Il grande successo è, però, arrivato con l’invenzione del personaggio del commissario Montalbano, protagonista di romanzi che non abbandonano mai le ambientazioni e le atmosfere siciliane. Nati da studi personali sulla storia dell’isola, Camilleri è riuscito, infatti, a dare prova di una straordinaria capacità inventiva, calando i suoi personaggi in un ambiente totalmente inventato e nello stesso tempo realistico e creando dal nulla anche un nuovo linguaggio, una nuova “lingua”, derivata dal dialetto siciliano.

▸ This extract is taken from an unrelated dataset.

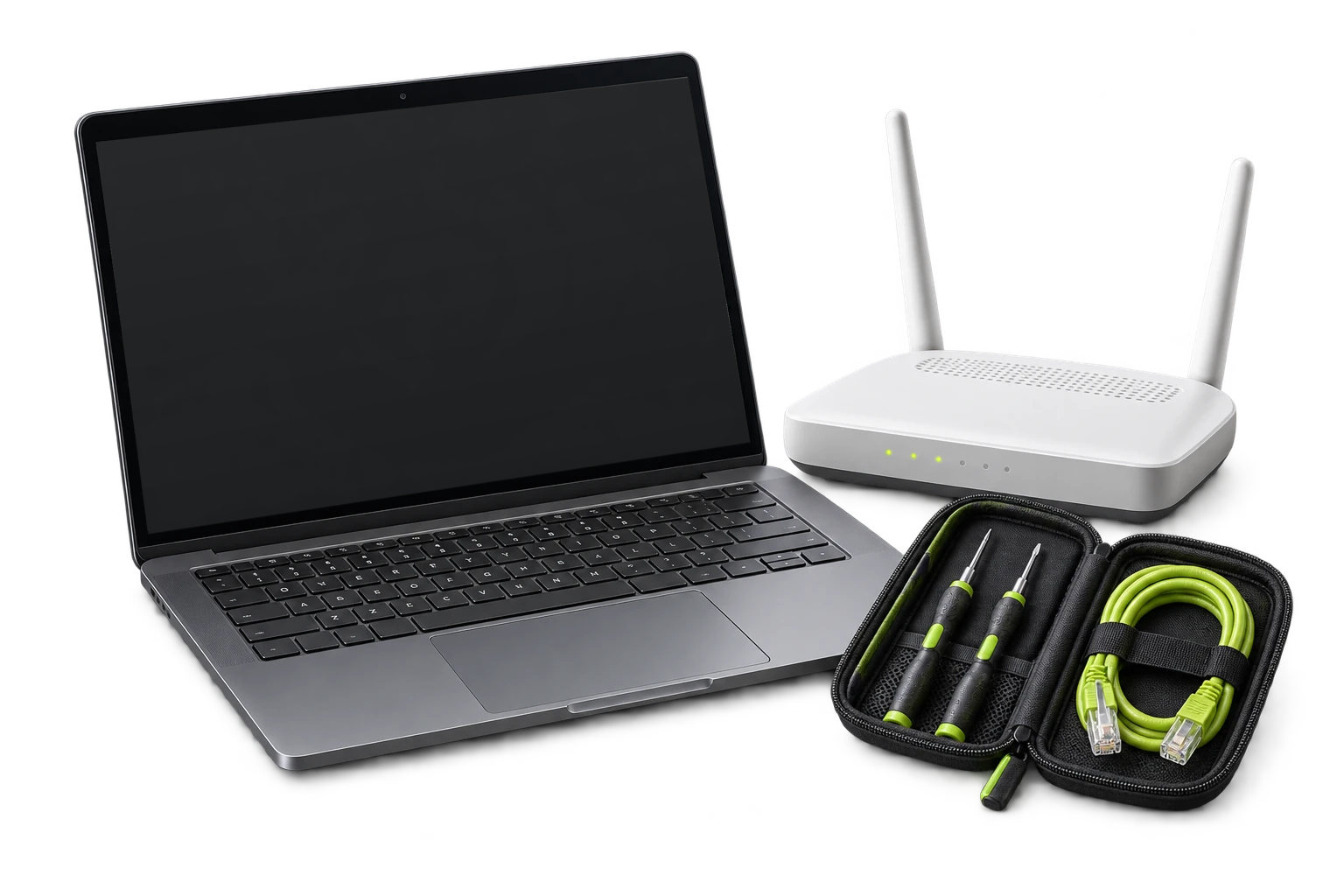 Portátil, router y herramientas de asistencia informática a domicilio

La particolarità del linguaggio di Camilleri è legata ad un episodio della biografia dello scrittore: assistendo in ospedale suo padre morente, volle raccontargli una storiache avrebbe voluto pubblicare ma che non era capace di comporre in italiano: fu suo padre a suggerirgli di scriverla come gliel’aveva raccontata.

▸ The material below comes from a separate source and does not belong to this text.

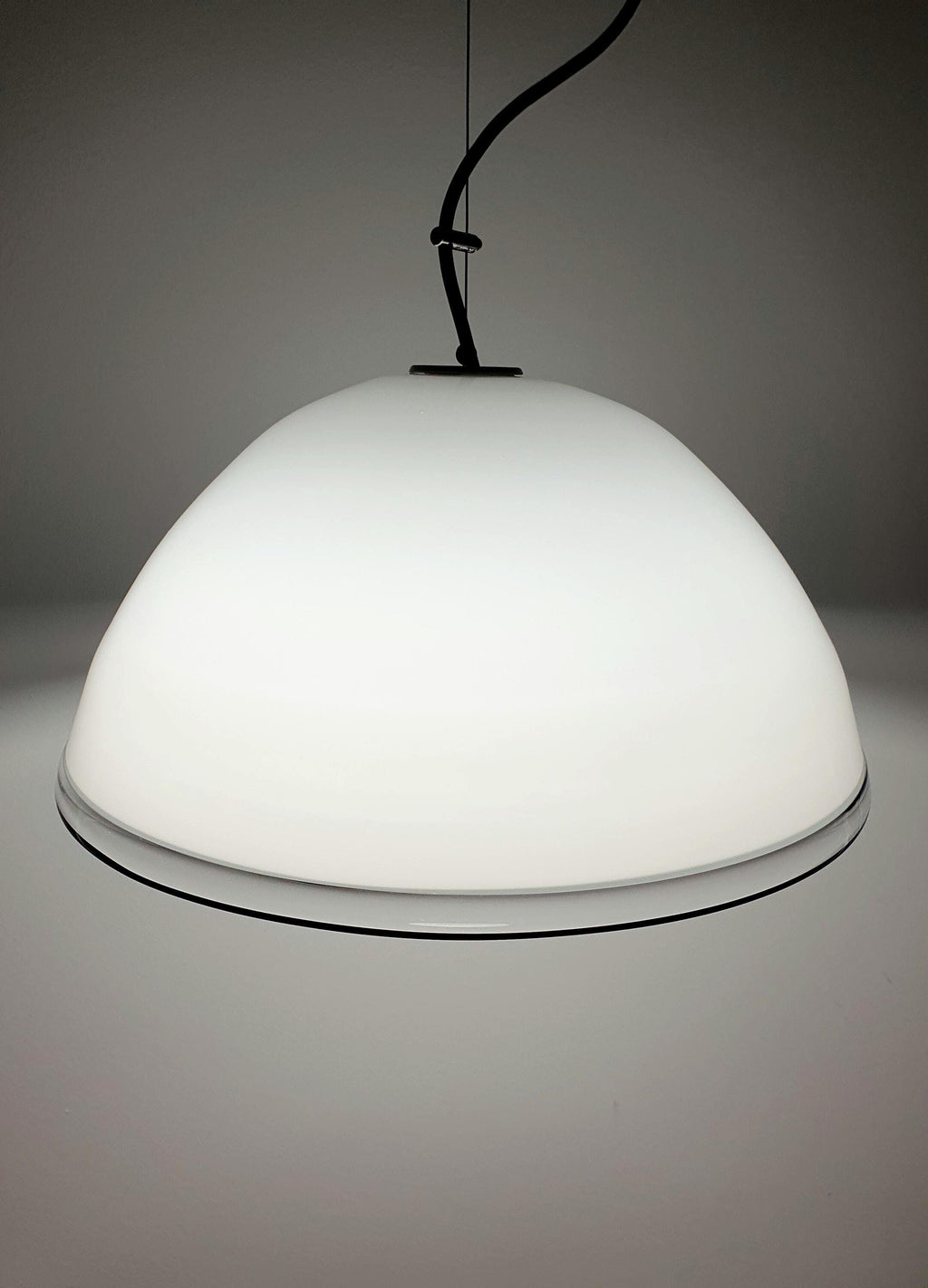 White bell minimalist pendant light in vintage Murano glass with black edge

Ovviamente, per essere compreso da tutti non poteva esprimersi completamente in siciliano, pertanto decise di adottare un linguaggio equilibrato in cui i termini dialettali avessero la stessa qualità e significato, la stessa risonanza di quelli italiani. Fu un duro lavoro di elaborazione, ad esempio nei romanzi scritti in vigatese, dove la base del lavoro è sempre una iniziale struttura in lingua italiana, con cui mescolare i termini tratti non dalla letteratura alta ma dai vari dialetti siciliani comunemente parlati.
“… Non si tratta di incastonare parole in dialetto all’interno di frasi strutturalmente italiane, quanto piuttosto di seguire il flusso di un suono, componendo una sorta di partitura che invece delle note adopera il suono delle parole. Per arrivare ad un impasto unico, dove non si riconosce più il lavoro strutturale che c’è dietro. Il risultato deve avere la consistenza della farina lievitata e pronta a diventare pane.”
Ma perché amo Camilleri? Beh, trovo più semplice rispondere con le sue parole “l’impegno sta nella scrittura stessa, nell’onestà alla quale ci si deve attenere nel momento in cui si mette mano alla pagina. La dimensione civile scaturisce da qui e può assumere forme diverse: il tentativo di interpretare l’eterna complessità italiana nei romanzi storici, l’intervento sulla cronaca in alcuni articoli che mi sento di scrivere anzitutto più come cittadino che come romanziere”.
Mi mancherà la sua voce roca, la sua ironia, la sua leggerezza e la sua arte, così affabulatoria ma al contempo potente e vibrante nel saper declinare senza manierismo il fascino e la magia della mia terra!